Going Beyond the Home Page
A good club home page can do a lot for you, but adding additional web pages or blog posts does a few things for you:
- Gives the interested website visitor more to explore and an impression of the club that is more than skin deep.
- Creates alternate entry points: a website visitor may start with an interesting page or post found through search or social media, then navigate to the home page to get the basic details.
- Gives you an alternate link to promote on social media, beyond your club home page.
Plantation Toastmasters has created a Speakers Gallery where their most accomplished / ambitious speakers have their own pages. You can see they use a group photo on their home page, but it’s an impressively large group where people are smiling and looking into the camera.
Club Awesome sometimes builds blog posts around videos of outstanding speeches, like this one from Dr. Andrew Bern.
When you feature an individual club member, you create an opportunity for that members and their friends to share and like any social media postings of the article. Website visitors who read the blog and / or watch the video will have a point of reference when they come to the club and meet that person.
You can also encourage members who like to write (or, at least, are willing to write) to share a blog post about how to write a speech, lead a volunteer organization, or any other topic on which they have expertise. They can get Toastmasters credit for the Write a Compelling Blog Pathways project.
Access to a built-in blog is one of the reasons I recommend WordPress.

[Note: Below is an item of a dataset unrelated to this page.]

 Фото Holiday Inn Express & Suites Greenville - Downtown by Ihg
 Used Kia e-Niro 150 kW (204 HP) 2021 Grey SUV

However, if you’re on Free Toast Host or some other platform, you can also post links to articles on LinkedIn (which has its own blog-like tool for publishing articles), Medium, or some other publishing web publishing platform.
More Positive Examples
Creative framing of a group photo, with Spanish language content to emphasize the nature of Broward Bilingual Toastmasters Club.
Home page photo taken from an interesting angle: Delray Newsmakers.

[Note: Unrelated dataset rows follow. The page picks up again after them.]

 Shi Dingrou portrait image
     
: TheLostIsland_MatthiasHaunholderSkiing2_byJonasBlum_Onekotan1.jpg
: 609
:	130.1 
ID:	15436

Do You Really Need a Website?
The next two examples, the official website you get directed to from Find a Club on toastmasters.org are a Facebook page and an Eventbrite page.
In both cases, I think these clubs do a good job of sharing images and information that might entice someone to visit. On the other hand, I would argue these options inherently limit the kind of content you can post.
I absolutely think you should take advantage of Facebook as part of your club marketing plan, and it has a lot of advantages. Posting an image and a couple of sentences to Facebook is easier than creating a blog post; on the other hand if you want to post more in-depth information and control the presentation of your content, that is not as easy on Facebook. Also, not everyone is on Facebook, and some of the people you want to reach may actively dislike the service.
In other words, I think it’s better to use online services like this as an extension and amplifier of what you do on your website, not as a substitute for it.
Worth the Effort
Maybe you don’t have time to write a dozen blog posts per week, or share tons of videos on your website. You don’t have to go crazy. But I hope I have convinced you it’s worth investing some time and effort in making your website more attractive and interesting for potential members to explore — and eliminating the negatives that could be scaring them away.